Thinking About Correlated Columns (again)

From: Shaun Thomas <sthomas(at)optionshouse(dot)com>
To: "pgsql-performance(at)postgresql(dot)org" <pgsql-performance(at)postgresql(dot)org>
Subject: Thinking About Correlated Columns (again)
Date: 2013-05-15 15:31:46
Message-ID: 5193AA62.2040700@optionshouse.com
Views: Raw Message | Whole Thread | Download mbox | Resend email
Thread:
Lists: pgsql-performance

Hi!

This has been a pain point for quite a while. While we've had several
discussions in the area, it always seems to just kinda trail off and
eventually vanish every time it comes up.

A really basic example of how bad the planner is here:

CREATE TABLE foo AS
SELECT a.id, a.id % 1000 AS col_a, a.id % 1000 AS col_b
FROM generate_series(1, 1000000) a(id);

CREATE INDEX idx_foo_ab ON foo (col_a, col_b);

ANALYZE foo;

EXPLAIN ANALYZE
SELECT *
FROM foo
WHERE col_a = 50
AND col_b = 50;

Index Scan using idx_foo_ab on foo (cost=0.00..6.35 rows=1 width=12)
(actual time=0.030..3.643 rows=1000 loops=1)
Index Cond: ((col_a = 50) AND (col_b = 50))

Hey, look! The row estimate is off by a factor of 1000. This particular
case doesn't suffer terribly from the mis-estimation, but others do.
Boy, do they ever.

Since there really is no fix for this aside from completely rewriting
the query or horribly misusing CTEs (to force sequence scans instead of
bloated nested loops, for example), I recently tried to use some
existing ALTER TABLE syntax:

ALTER TABLE foo ALTER col_a SET (n_distinct = 1);
ALTER TABLE foo ALTER col_b SET (n_distinct = 1);

The new explain output:

Index Scan using idx_foo_ab on foo (cost=0.00..9.37 rows=2 width=12)
(actual time=0.013..0.871 rows=1000 loops=1)
Index Cond: ((col_a = 50) AND (col_b = 50))

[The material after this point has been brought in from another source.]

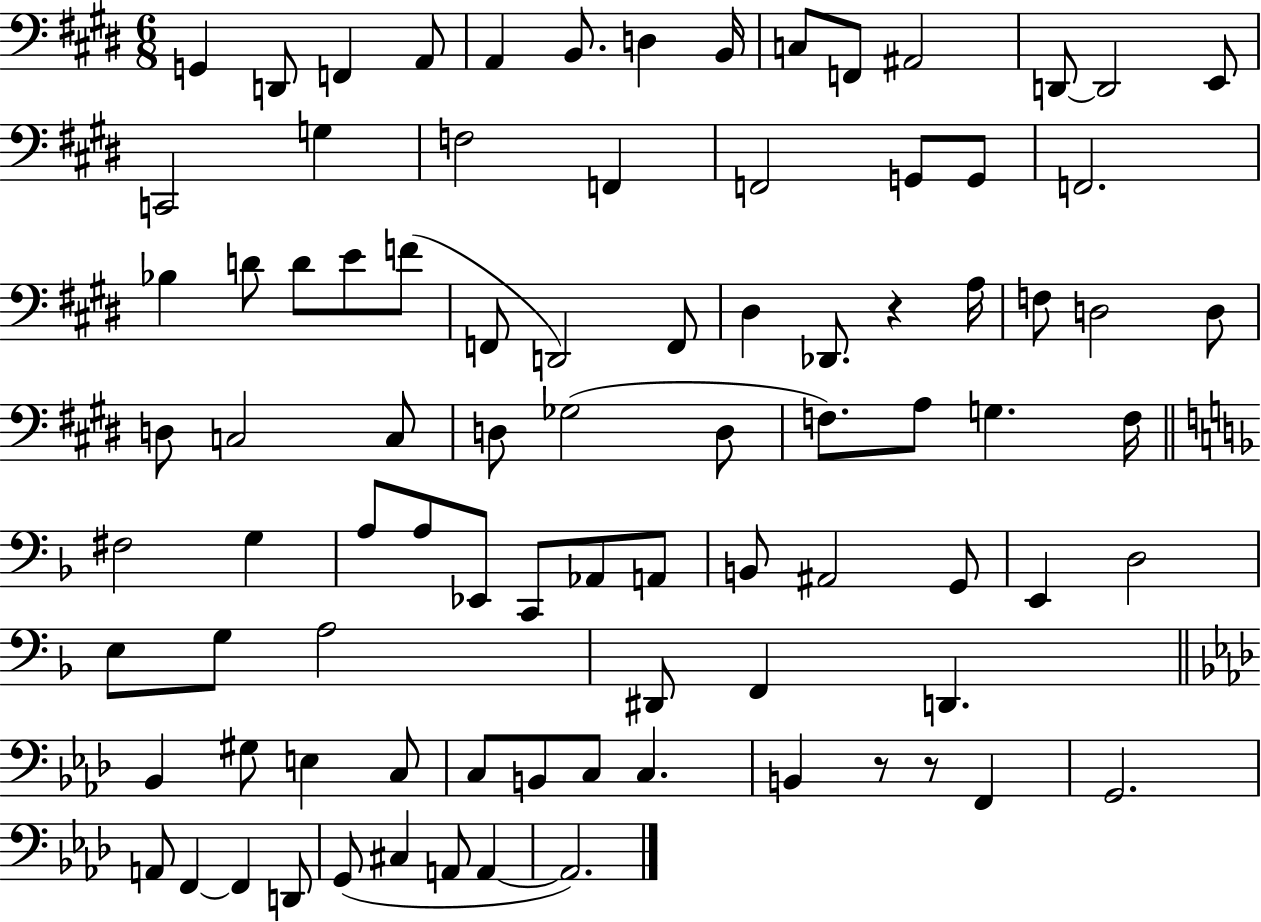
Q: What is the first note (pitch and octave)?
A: G2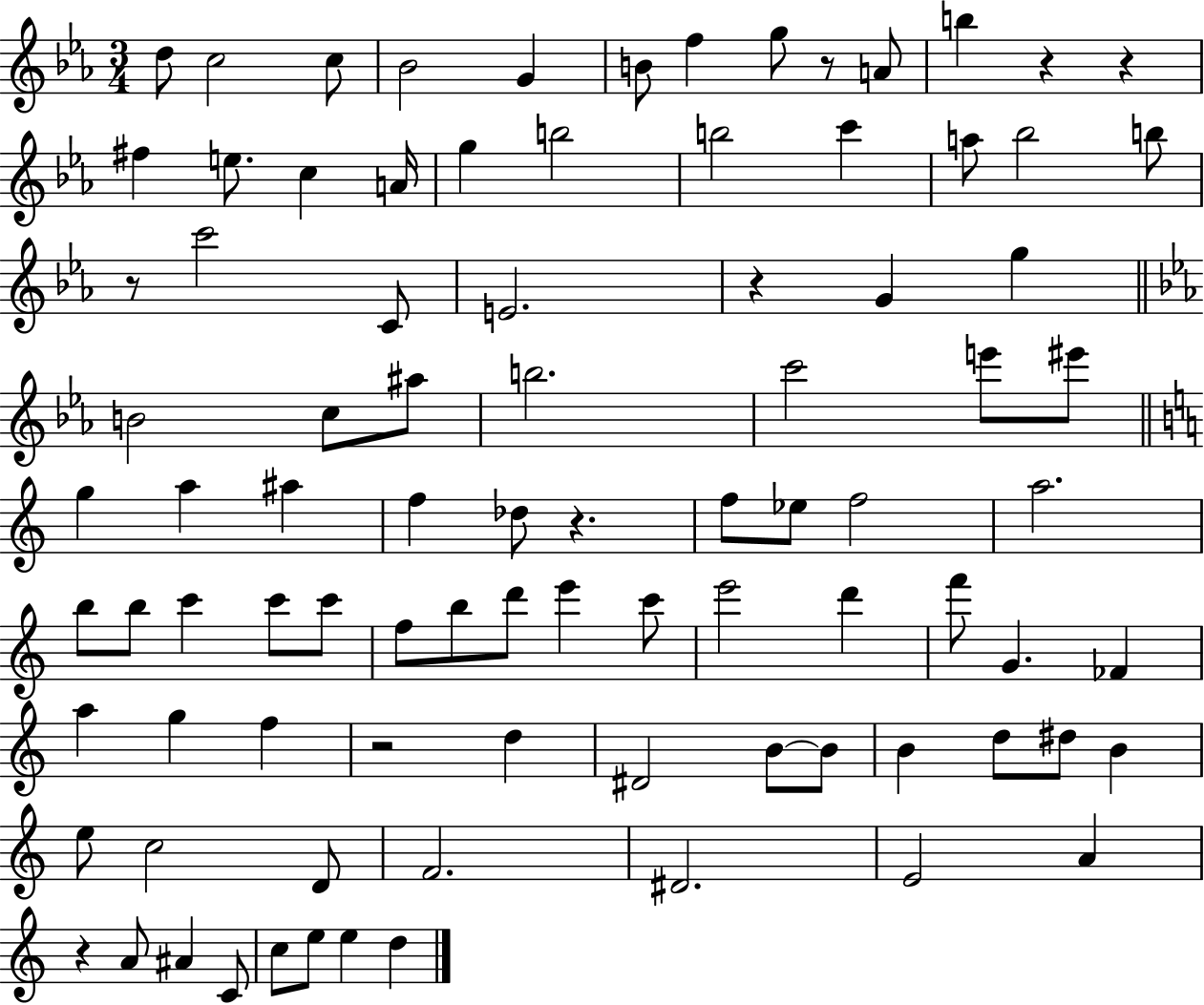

Well... 2 is closer to 1000 than 1 was, but it's pretty clear the
histogram is still the basis for the cost estimates. I'm curious what
benefit overriding the n_distinct pg_stats field actually gives us in
practice.

I'm worried that without an easy answer for cases like this, more DBAs
will abuse optimization fences to get what they want and we'll end up in
a scenario that's actually worse than query hints. Theoretically, query
hints can be deprecated or have GUCs to remove their influence, but CTEs
are forever, or until the next code refactor.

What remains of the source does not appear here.